Pulling back to the body frame of \(\mathcal {B}_i\) using \(A_i^{-1} = A_i^T\) we get the body angular momentum vector

$$\begin{aligned} M_i(t)= I_i \Omega _i(t), \end{aligned}$$

which satisfies the differential equation

$$\begin{aligned} \dot{M}_i = M_i\times \Omega _i +T_i, \end{aligned}$$

where

$$\begin{aligned} T_i(Z) = A_i^T \tau _i = -\sum _{j\ne i}\int _{\mathcal {B}_i}\int _{\mathcal {B}_j}\frac{Q_i\times (A_i^T(q_i-q_j+A_i Q_i-A_jQ_j))\,dm_i\,dm_j}{|q_i-q_j+A_i Q_i-A_j Q_j|^3}. \end{aligned}$$

It is possible to interpret the torque vectors as derivatives of the Newtonian potential with respect to the rotation matrices \(A_i\). To see this, note that a tangent vector to \(\mathbf {SO}(3)\) at the matrix \(A_i\) is represented by a curve of rotation matrices \(A_iR(t)\) where \(R(t)\in \mathbf {SO}(3)\) and \(R(0) = \mathbb {I}\). The matrix \(\hat{\rho }=\dot{R}(0)\in \mathbf {SO}(3)\) can be identified with a vector \(\rho \in \mathbb {R}^3\) in the usual way via the cross-product. Let \(Z_i(t)\) be the curve in configuration space where \(A_i\) is replaced by \(A_iR(t)\) and all other variables are unchanged. Then after some computation we find

$$\begin{aligned} \frac{d}{dt}U(Z(t))|_{t=0} = T_i(Z)\cdot \rho . \end{aligned}$$

Thus with these identifications, the torque vector \(T_i(Z)\) becomes a kind of partial gradient of U(Z) with respect to \(A_i\). By abuse of notation we will write \(T_i(Z) = U_{A_i}(Z)\). We will use this approach to handle differentiation with respect to the orthogonal matrices \(A_i\) throughout the paper.

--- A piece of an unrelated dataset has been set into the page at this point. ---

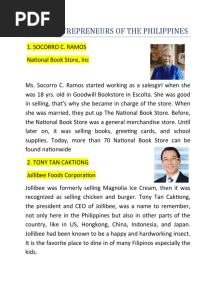 Top 10 Entrepreneurs of The Philippines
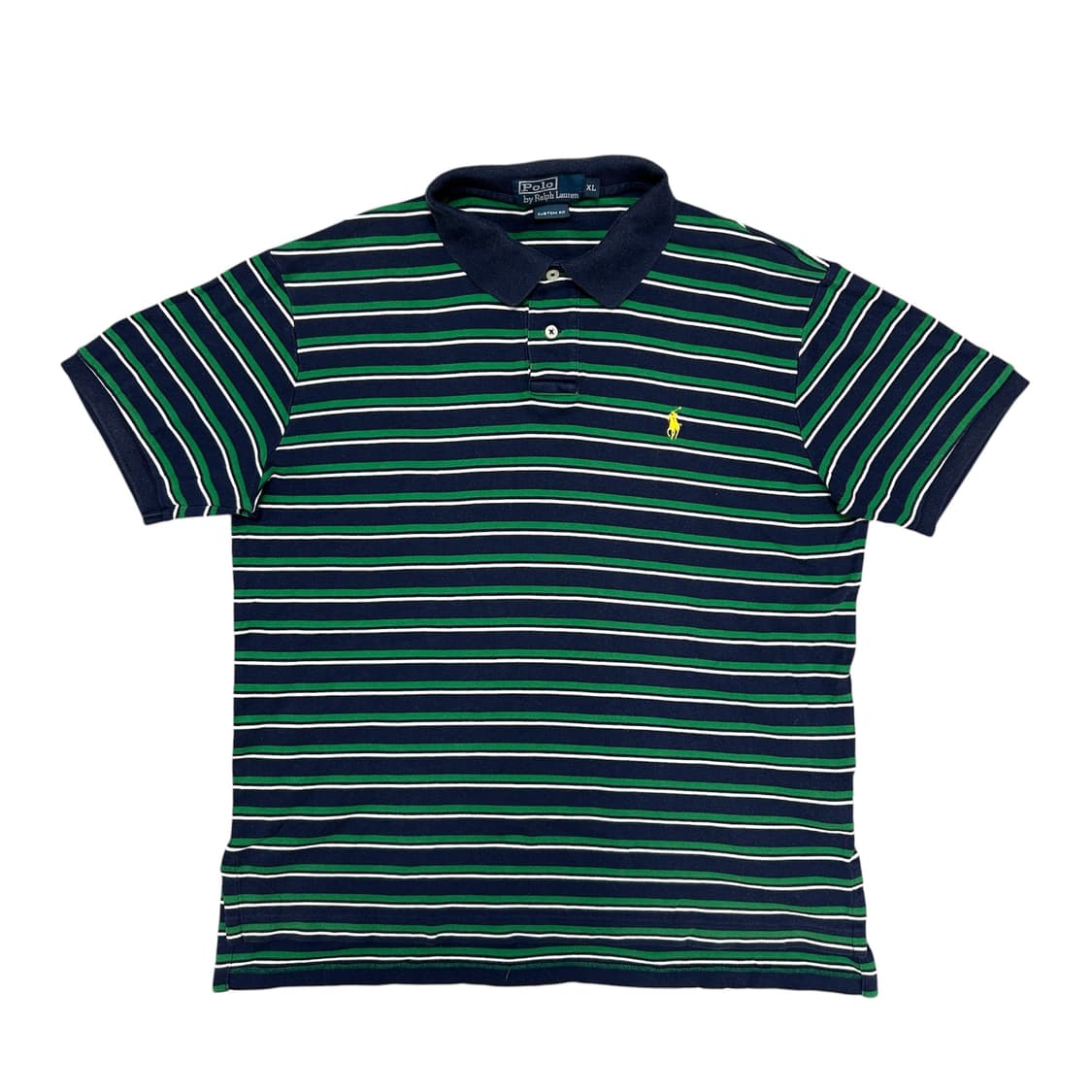 폴로 스몰포니 스트라이프 카라티(XL) 상품이미지1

Thus we have arrived at the equations of motion

$$\begin{aligned} \begin{aligned} m_i\ddot{q}_i&= f_i(Z) = U_{q_i}(Z)\\ \dot{M}_i&= M_i\times \Omega _i +T_i(Z) = M_i\times \Omega _i +U_{A_i}(Z) \\ \dot{A}_i&= A_i \hat{\Omega }_i \end{aligned} \end{aligned}$$
(5)

with \(M_i = I_i \Omega _i\) and \(T_i\) the total torque on \(\mathcal {B}_i\) in the body frame. Since the inertia matrices \(I_i\) are invertible, these determine a system of first order differential equations on the phase space \(T\tilde{\mathcal {U}}\).

These equations admit the usual symmetries and the corresponding constants of motion. First we have symmetry under translation of all of the bodies, \(q_i\mapsto q_i + c\), \(c\in \mathbb {R}^3\), which leaves the potential U(Z) invariant. It follows that \(\sum _i U_{q_i}(Z) = 0\) and therefore the total momentum vector

$$\begin{aligned} p_{tot} = m_1v_1 +\cdots +m_n v_n \end{aligned}$$

is constant. Without loss of generality we assume \(p_{tot}=0\). Then the center of mass is constant and may be taken as the origin of the inertial system. This amounts to restricting to a translation-reduced phase space \(T\mathcal {U}\) where

$$\begin{aligned} \mathcal {U}=\left\{ Z\in \tilde{\mathcal {U}}: m_1q_1+ \cdots +m_n q_n= 0\right\} . \end{aligned}$$

We have \(\dim \mathcal {U}= 6n-3\) and \(\dim T\mathcal {U}= 12n-6\).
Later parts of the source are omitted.